=== Input data ===
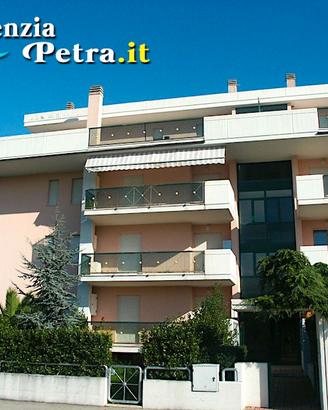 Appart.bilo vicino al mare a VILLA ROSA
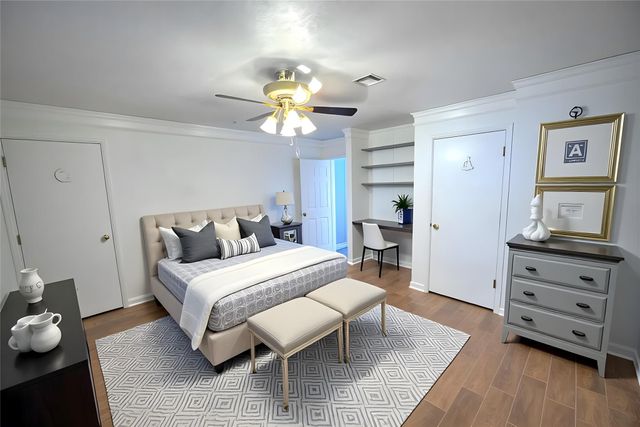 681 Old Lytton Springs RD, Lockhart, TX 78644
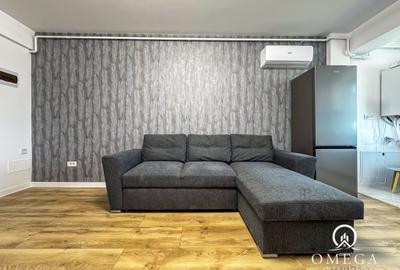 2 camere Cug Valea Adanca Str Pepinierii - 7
===
=== Input data ===
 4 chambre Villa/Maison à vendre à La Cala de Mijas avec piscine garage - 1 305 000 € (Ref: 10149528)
===
__Task directions__
Within the listing above, find the line containing "Appart.bilo vicino al mare a VILLA ROSA" and the line containing "2 camere Cug Valea Adanca Str Pepinierii - 7". Transcribe them and everything between them exactly, leaving out the pictures.

__Answer to this task__
 Appart.bilo vicino al mare a VILLA ROSA
 681 Old Lytton Springs RD, Lockhart, TX 78644
 2 camere Cug Valea Adanca Str Pepinierii - 7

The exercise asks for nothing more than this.